» Your task: Below are some records; return each one exactly as written.

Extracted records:
━━━━━━━━━━
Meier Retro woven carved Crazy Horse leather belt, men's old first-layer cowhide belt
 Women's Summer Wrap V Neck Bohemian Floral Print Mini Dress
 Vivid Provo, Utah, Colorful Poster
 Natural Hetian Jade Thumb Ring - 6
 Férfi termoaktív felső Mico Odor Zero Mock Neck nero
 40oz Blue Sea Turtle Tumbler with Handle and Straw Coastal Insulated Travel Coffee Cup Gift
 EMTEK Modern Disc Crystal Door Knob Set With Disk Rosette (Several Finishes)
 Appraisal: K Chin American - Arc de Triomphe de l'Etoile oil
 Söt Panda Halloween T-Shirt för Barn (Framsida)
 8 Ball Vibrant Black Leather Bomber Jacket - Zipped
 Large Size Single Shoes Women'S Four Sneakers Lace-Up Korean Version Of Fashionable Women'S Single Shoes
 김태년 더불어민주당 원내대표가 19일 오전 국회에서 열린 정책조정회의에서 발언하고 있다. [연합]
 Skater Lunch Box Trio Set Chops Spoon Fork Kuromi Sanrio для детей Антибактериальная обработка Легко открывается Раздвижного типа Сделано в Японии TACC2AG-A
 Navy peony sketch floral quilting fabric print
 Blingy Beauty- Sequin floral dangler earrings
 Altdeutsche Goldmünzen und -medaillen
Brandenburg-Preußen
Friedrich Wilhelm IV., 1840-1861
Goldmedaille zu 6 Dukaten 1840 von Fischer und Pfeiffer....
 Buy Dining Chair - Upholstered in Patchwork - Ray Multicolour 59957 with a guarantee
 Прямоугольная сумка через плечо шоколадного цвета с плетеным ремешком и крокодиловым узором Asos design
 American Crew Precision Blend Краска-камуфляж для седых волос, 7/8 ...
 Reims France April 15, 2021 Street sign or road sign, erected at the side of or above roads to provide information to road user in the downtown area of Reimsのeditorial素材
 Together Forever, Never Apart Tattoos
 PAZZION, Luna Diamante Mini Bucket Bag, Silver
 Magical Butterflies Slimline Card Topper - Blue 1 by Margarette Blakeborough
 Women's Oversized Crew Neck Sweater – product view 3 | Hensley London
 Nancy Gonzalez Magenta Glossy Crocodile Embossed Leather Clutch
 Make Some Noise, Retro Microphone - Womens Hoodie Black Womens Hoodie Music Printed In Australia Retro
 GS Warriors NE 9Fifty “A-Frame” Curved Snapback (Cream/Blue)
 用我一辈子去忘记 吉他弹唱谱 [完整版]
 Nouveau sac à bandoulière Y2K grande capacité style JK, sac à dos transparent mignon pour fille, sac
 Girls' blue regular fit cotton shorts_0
━━━━━━━━━━
» Reply to the exercise:
Meier Retro woven carved Crazy Horse leather belt, men's old first-layer cowhide belt
 Women's Summer Wrap V Neck Bohemian Floral Print Mini Dress
 Vivid Provo, Utah, Colorful Poster
 Natural Hetian Jade Thumb Ring - 6
 Férfi termoaktív felső Mico Odor Zero Mock Neck nero
 40oz Blue Sea Turtle Tumbler with Handle and Straw Coastal Insulated Travel Coffee Cup Gift
 EMTEK Modern Disc Crystal Door Knob Set With Disk Rosette (Several Finishes)
 Appraisal: K Chin American - Arc de Triomphe de l'Etoile oil
 Söt Panda Halloween T-Shirt för Barn (Framsida)
 8 Ball Vibrant Black Leather Bomber Jacket - Zipped
 Large Size Single Shoes Women'S Four Sneakers Lace-Up Korean Version Of Fashionable Women'S Single Shoes
 김태년 더불어민주당 원내대표가 19일 오전 국회에서 열린 정책조정회의에서 발언하고 있다. [연합]
 Skater Lunch Box Trio Set Chops Spoon Fork Kuromi Sanrio для детей Антибактериальная обработка Легко открывается Раздвижного типа Сделано в Японии TACC2AG-A
 Navy peony sketch floral quilting fabric print
 Blingy Beauty- Sequin floral dangler earrings
 Altdeutsche Goldmünzen und -medaillen
Brandenburg-Preußen
Friedrich Wilhelm IV., 1840-1861
Goldmedaille zu 6 Dukaten 1840 von Fischer und Pfeiffer....
 Buy Dining Chair - Upholstered in Patchwork - Ray Multicolour 59957 with a guarantee
 Прямоугольная сумка через плечо шоколадного цвета с плетеным ремешком и крокодиловым узором Asos design
 American Crew Precision Blend Краска-камуфляж для седых волос, 7/8 ...
 Reims France April 15, 2021 Street sign or road sign, erected at the side of or above roads to provide information to road user in the downtown area of Reimsのeditorial素材
 Together Forever, Never Apart Tattoos
 PAZZION, Luna Diamante Mini Bucket Bag, Silver
 Magical Butterflies Slimline Card Topper - Blue 1 by Margarette Blakeborough
 Women's Oversized Crew Neck Sweater – product view 3 | Hensley London
 Nancy Gonzalez Magenta Glossy Crocodile Embossed Leather Clutch
 Make Some Noise, Retro Microphone - Womens Hoodie Black Womens Hoodie Music Printed In Australia Retro
 GS Warriors NE 9Fifty “A-Frame” Curved Snapback (Cream/Blue)
 用我一辈子去忘记 吉他弹唱谱 [完整版]
 Nouveau sac à bandoulière Y2K grande capacité style JK, sac à dos transparent mignon pour fille, sac
 Girls' blue regular fit cotton shorts_0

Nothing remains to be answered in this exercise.